↓↓↓
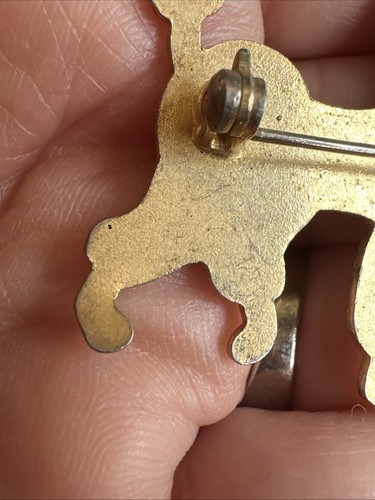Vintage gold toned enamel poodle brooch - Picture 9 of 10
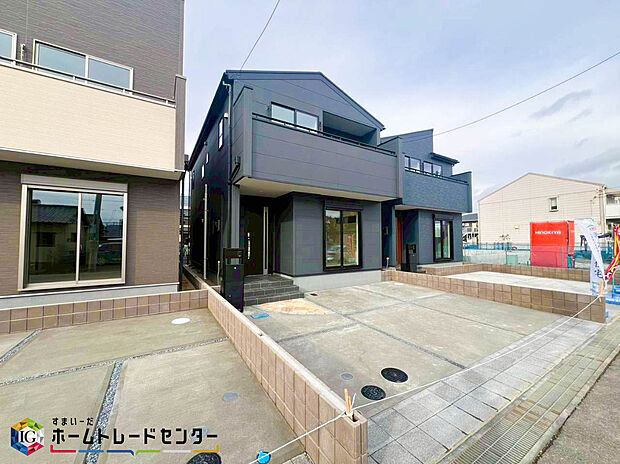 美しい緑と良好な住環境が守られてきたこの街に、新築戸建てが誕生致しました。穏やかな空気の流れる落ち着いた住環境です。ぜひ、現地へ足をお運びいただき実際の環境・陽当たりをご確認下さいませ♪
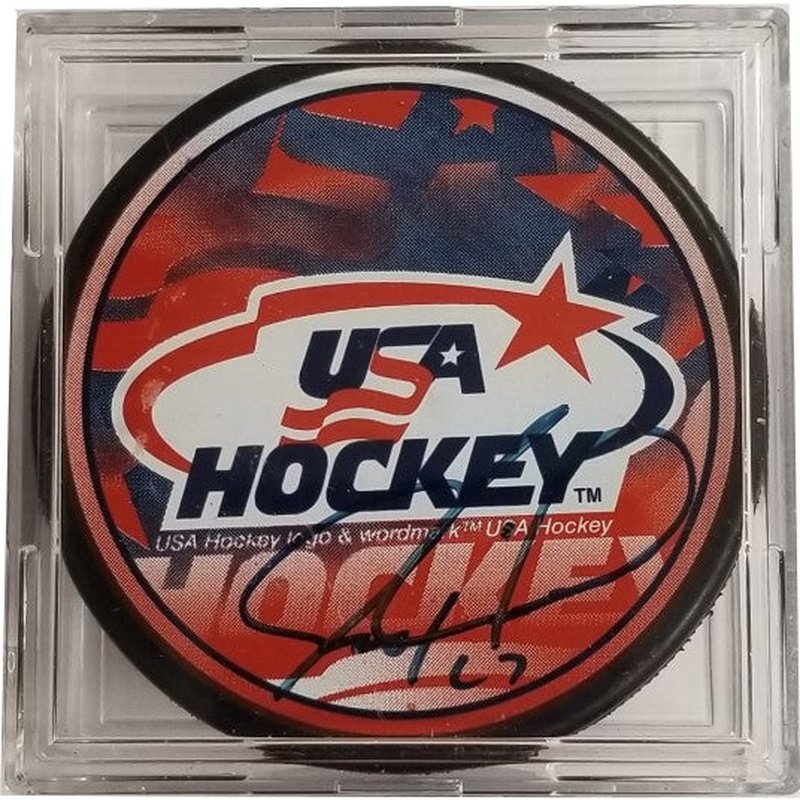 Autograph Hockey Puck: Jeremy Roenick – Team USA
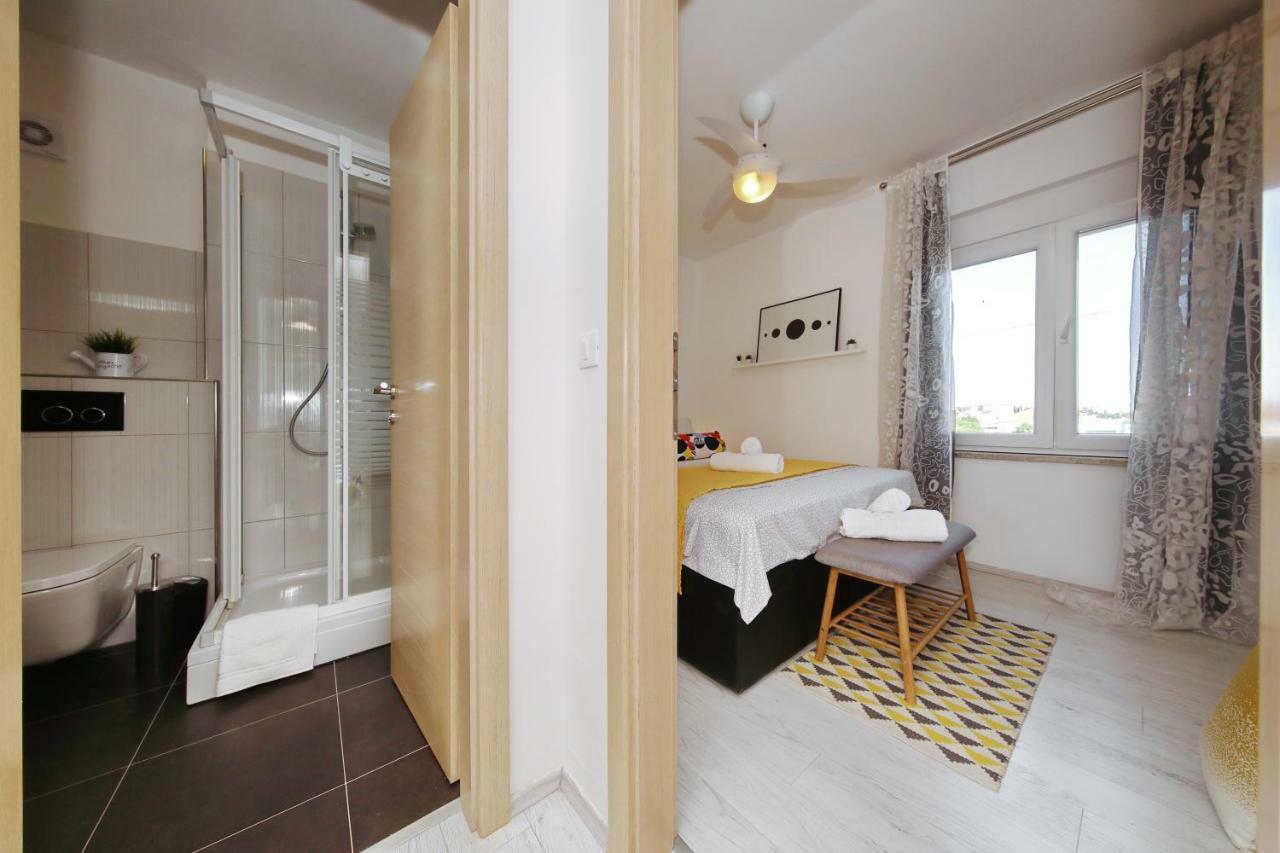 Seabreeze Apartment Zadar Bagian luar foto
↑↑↑
↓↓↓
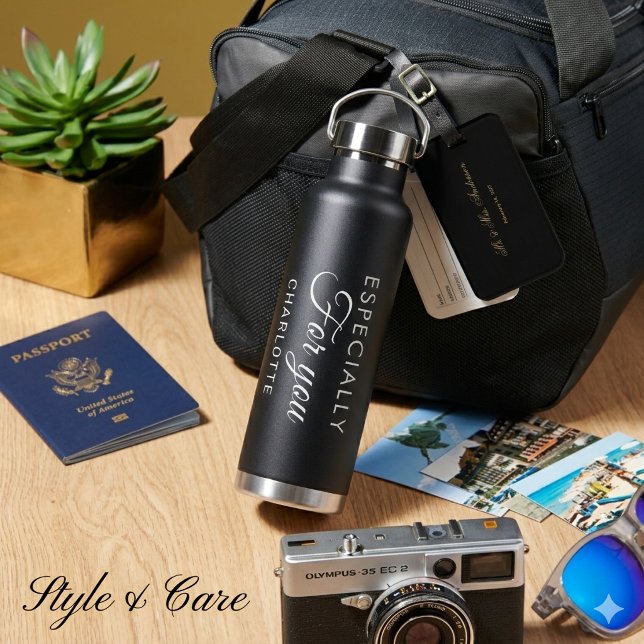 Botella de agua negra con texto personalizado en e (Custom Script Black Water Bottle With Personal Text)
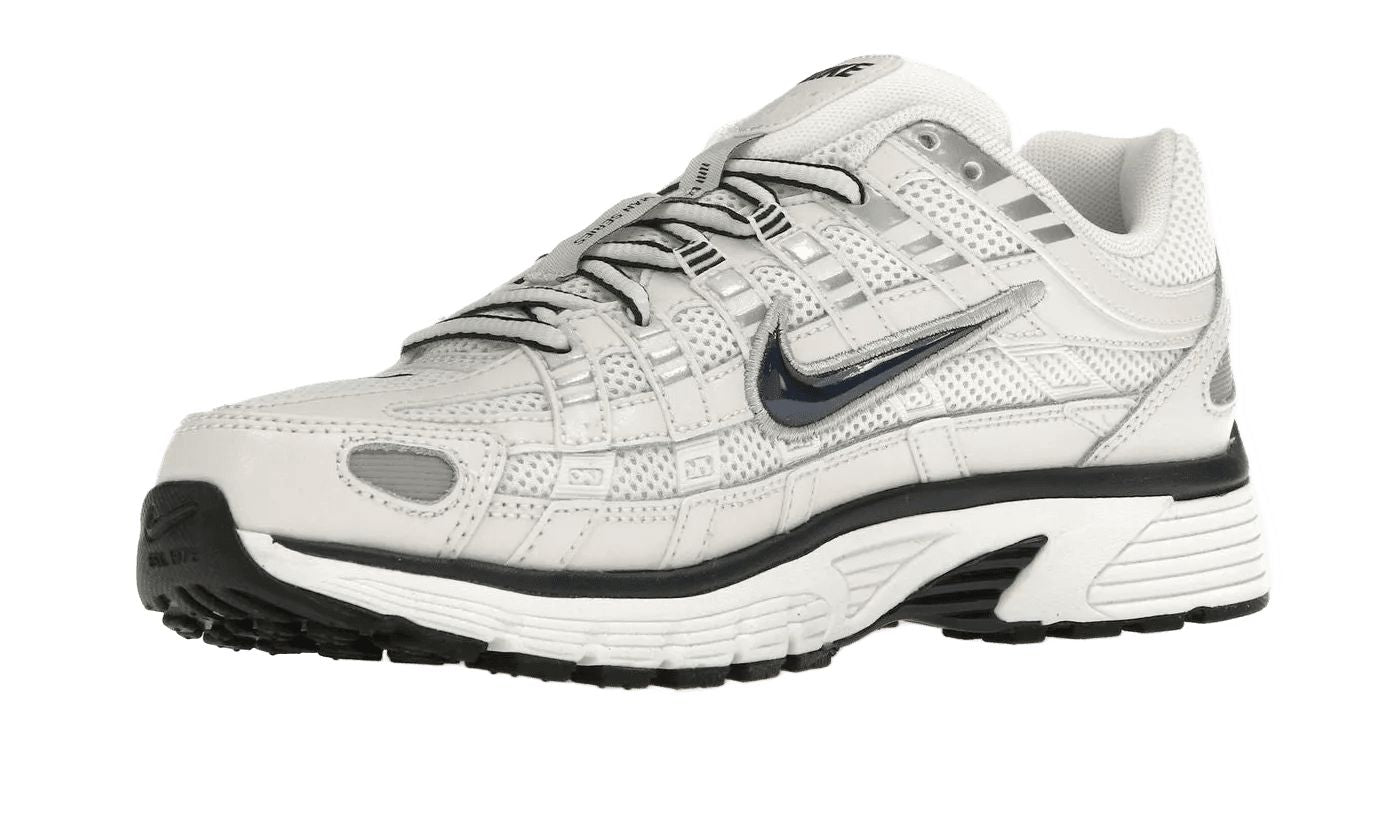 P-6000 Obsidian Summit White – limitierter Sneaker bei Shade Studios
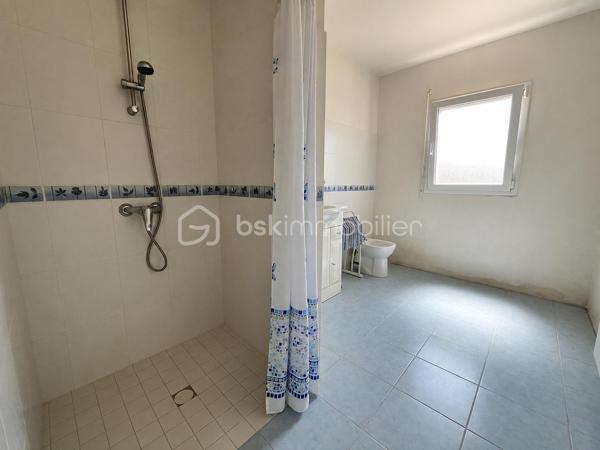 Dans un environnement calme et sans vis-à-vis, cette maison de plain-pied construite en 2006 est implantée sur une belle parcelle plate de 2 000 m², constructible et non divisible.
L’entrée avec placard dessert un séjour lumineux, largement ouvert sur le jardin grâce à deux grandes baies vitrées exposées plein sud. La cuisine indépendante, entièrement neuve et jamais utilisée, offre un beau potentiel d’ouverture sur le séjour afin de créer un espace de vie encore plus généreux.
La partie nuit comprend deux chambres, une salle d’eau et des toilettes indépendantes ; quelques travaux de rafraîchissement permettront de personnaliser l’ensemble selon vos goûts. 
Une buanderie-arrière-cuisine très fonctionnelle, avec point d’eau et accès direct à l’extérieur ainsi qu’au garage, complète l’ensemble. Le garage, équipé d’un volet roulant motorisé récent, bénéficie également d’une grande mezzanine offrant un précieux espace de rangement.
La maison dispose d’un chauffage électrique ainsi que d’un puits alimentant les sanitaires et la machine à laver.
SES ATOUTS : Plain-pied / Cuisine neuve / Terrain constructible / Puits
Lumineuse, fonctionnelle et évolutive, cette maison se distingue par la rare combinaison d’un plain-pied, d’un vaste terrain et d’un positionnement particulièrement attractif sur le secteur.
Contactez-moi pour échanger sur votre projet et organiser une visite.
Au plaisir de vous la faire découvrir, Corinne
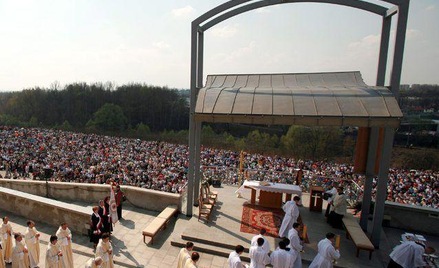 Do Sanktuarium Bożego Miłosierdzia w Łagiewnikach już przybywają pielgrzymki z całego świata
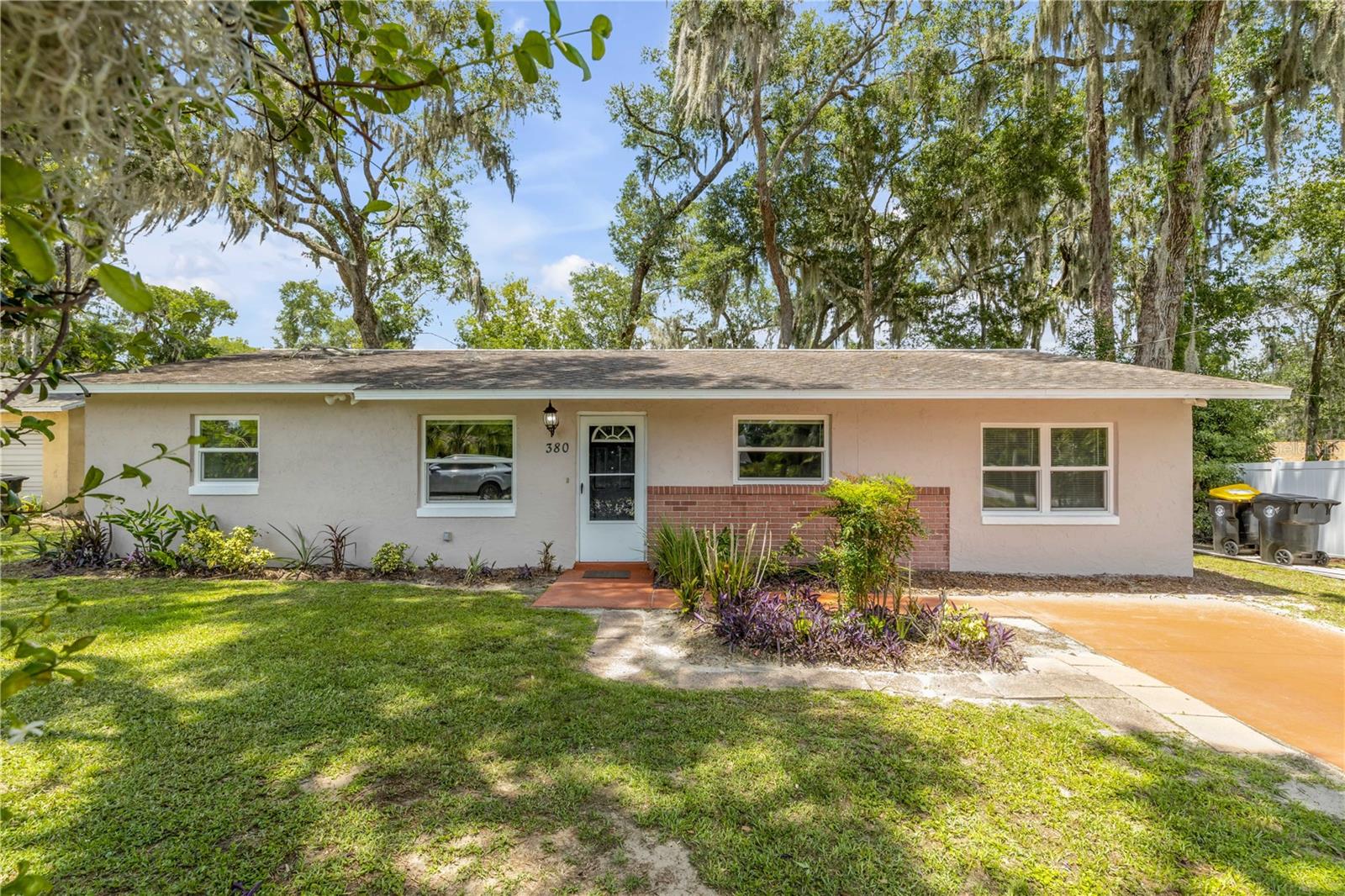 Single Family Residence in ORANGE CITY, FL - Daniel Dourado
↑↑↑
**WHAT IS EXPECTED**
Taking the material above, give again exactly the lines from the one holding "美しい緑と良好な住環境が守ら" through the one holding "Seabreeze Apartment Zadar Bagian luar foto", with both ends and without pictures.

**SOLUTION TO THIS EXERCISE**
 美しい緑と良好な住環境が守られてきたこの街に、新築戸建てが誕生致しました。穏やかな空気の流れる落ち着いた住環境です。ぜひ、現地へ足をお運びいただき実際の環境・陽当たりをご確認下さいませ♪
 Autograph Hockey Puck: Jeremy Roenick – Team USA
 Seabreeze Apartment Zadar Bagian luar foto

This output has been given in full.